The Companies Act contains a 'catch-all' rule that restricts 'frustrating action' in the context of an offer. If the board of a regulated company has received a bona fide offer (or believes one may be imminent), it may not, without the approval of each of the TRP and the holders of the relevant securities, take any action in relation to the affairs of the company that could effectively result in: (1) a bona fide offer being frustrated; or (2) the relevant securities holders being denied an opportunity to decide on the merits. Examples of 'frustrating action' under the Companies Act include: (1) issuing or granting options in respect of unissued securities; (2) disposing or acquiring a material asset; (3) making an abnormal distribution; and (4) entering into contracts outside the ordinary course of business.

The rule against 'frustrating action' therefore makes it difficult for a board to ward off a hostile bidder by adopting takeover defences common in the US, such as a shareholder rights plan (poison pill). However, there are various steps that the board could legitimately take, which would have the effect of creating hurdles in the implementation of the hostile bid, without necessarily constituting 'frustrating action' – for instance, mobilising opposition by key stakeholders with respect to the takeover.

Contact with shareholders

Contact with shareholders is an important feature of corporate governance in South Africa. Shareholders regularly pursue one-on-one or collaborative engagement with listed companies on a range of issues. Good practice codes such as the United Nations-supported Principles for Responsible Investment (UN-PRI) and Code for Responsible Investment in South Africa promote 'active ownership', responsible stewardship, and collaborative engagement by institutional investors, particularly in respect of ESG issues.

The FMA includes rules prohibiting insider trading and market abuse. Shareholders must adhere to these provisions when engaging with management or pursuing stewardship activities, whether engaging with management one-on-one or collaboratively with other shareholders. A shareholder may become an 'insider' by becoming privy to 'inside information' for the purposes of the FMA, at which point insider trading rules would apply to it.

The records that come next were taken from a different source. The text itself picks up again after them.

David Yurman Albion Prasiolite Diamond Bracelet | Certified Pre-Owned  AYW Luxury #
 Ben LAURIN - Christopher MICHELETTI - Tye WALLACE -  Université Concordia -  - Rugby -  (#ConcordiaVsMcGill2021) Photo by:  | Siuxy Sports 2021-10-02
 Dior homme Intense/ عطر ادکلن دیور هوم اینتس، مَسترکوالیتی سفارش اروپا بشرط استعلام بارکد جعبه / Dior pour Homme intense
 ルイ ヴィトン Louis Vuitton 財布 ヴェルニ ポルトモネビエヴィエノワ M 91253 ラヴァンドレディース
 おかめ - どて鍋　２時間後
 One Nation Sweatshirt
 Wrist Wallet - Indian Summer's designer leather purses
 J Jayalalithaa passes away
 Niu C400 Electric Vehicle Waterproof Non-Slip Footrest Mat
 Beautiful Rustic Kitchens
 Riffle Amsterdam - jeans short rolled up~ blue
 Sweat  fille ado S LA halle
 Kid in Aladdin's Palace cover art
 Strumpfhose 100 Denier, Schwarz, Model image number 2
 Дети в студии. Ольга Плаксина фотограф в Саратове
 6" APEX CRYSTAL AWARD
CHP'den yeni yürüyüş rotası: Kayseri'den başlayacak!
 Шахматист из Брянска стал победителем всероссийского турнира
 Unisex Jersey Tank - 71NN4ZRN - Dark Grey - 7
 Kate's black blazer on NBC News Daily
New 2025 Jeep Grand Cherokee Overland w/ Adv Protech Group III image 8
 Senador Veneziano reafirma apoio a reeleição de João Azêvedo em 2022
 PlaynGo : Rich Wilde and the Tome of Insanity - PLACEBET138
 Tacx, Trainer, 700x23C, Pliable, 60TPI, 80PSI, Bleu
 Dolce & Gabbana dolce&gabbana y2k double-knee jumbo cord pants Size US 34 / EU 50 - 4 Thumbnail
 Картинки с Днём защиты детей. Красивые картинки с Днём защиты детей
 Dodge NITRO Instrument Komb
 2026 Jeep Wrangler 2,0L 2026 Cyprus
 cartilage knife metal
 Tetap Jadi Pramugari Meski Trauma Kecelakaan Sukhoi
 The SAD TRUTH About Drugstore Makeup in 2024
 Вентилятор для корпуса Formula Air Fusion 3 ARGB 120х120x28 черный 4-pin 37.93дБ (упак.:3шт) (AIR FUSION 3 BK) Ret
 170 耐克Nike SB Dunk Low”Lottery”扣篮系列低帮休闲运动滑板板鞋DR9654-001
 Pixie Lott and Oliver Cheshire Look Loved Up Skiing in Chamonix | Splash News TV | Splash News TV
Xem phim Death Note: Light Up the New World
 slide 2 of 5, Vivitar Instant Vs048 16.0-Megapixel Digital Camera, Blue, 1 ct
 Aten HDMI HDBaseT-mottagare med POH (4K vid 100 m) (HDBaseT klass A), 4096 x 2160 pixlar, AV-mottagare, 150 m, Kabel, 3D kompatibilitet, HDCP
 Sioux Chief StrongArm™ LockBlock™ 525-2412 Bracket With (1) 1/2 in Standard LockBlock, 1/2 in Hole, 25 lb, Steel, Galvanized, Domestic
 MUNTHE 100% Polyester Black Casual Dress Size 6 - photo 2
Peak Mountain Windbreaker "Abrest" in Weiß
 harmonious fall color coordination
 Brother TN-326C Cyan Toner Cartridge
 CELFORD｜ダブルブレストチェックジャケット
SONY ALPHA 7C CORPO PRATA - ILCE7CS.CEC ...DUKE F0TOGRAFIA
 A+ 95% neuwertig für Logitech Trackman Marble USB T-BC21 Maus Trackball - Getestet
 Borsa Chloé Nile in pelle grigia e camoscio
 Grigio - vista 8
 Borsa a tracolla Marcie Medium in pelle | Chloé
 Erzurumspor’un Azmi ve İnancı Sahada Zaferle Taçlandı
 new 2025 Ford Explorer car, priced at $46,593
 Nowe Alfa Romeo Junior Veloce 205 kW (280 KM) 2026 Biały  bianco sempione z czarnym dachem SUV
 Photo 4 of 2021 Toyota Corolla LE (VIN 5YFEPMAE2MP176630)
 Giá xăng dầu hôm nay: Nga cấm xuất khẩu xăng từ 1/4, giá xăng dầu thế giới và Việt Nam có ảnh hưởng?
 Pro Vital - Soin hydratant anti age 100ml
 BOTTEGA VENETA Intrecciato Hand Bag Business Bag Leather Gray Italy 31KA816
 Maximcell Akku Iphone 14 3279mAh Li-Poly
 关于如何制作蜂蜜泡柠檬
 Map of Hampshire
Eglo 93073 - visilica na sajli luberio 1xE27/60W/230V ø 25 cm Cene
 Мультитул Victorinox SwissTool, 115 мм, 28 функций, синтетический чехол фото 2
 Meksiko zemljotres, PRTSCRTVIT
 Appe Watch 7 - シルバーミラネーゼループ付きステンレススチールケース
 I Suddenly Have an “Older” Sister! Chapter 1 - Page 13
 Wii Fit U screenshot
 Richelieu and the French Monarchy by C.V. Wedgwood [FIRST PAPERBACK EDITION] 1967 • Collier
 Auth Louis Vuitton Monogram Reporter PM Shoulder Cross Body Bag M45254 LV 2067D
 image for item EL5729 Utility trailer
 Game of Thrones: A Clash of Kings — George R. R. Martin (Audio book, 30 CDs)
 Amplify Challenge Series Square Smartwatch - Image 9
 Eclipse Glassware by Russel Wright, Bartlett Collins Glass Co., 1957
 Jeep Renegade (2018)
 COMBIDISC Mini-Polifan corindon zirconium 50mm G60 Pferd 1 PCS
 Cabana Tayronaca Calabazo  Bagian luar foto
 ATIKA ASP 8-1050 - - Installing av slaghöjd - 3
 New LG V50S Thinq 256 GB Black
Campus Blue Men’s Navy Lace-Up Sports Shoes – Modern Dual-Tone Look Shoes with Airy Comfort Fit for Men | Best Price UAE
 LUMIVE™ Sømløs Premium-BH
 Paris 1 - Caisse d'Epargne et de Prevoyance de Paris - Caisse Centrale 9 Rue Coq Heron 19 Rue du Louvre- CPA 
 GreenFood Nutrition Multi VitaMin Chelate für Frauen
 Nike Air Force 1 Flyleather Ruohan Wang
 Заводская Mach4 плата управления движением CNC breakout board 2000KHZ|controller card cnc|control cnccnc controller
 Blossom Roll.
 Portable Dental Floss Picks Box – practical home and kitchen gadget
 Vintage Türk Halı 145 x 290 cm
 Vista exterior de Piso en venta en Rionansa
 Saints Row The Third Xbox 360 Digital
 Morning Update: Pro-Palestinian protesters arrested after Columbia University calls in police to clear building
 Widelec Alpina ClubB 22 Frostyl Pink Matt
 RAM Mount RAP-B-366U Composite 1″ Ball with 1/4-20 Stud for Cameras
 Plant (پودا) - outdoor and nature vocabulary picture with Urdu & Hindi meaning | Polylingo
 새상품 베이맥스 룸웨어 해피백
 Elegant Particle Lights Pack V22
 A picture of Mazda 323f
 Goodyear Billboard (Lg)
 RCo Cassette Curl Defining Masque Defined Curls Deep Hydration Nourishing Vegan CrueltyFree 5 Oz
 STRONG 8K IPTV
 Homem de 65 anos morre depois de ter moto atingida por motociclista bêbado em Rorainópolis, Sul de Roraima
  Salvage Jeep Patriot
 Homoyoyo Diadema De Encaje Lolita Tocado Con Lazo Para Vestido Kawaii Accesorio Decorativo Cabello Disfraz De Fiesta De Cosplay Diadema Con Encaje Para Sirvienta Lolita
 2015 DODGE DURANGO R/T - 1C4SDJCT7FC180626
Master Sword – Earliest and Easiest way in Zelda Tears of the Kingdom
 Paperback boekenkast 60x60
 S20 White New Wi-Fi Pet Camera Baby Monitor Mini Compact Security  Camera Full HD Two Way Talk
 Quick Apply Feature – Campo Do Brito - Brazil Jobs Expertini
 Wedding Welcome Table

Collaborating shareholders should take into account 'acting in concert' rules under the Companies Act and Takeover Regulations. As a general principle, provided the collaboration is not for the purpose of proposing or entering into an 'affected transaction' or offer, the collaboration would not amount to acting in concert. As such, there is considerable scope for shareholders to come up with collaborative engagement plans to conduct stewardship and other activities. We expect a significant amount of contact with shareholders in relation to ESG and sustainability issues going forward.

The King Code promotes proactive shareholder engagement through a number of its recommendations. Among other things, the King Code recommends that the board encourage shareholders to attend the AGM, at which all directors should be available to respond to shareholders' queries. In line with the 'stakeholder inclusive' approach, the King Code recommends the adoption of comprehensive policies on stakeholder relationship management, and that engagement take place through media platforms designed to facilitate access by a broad range of stakeholders, such as websites, advertising and press releases.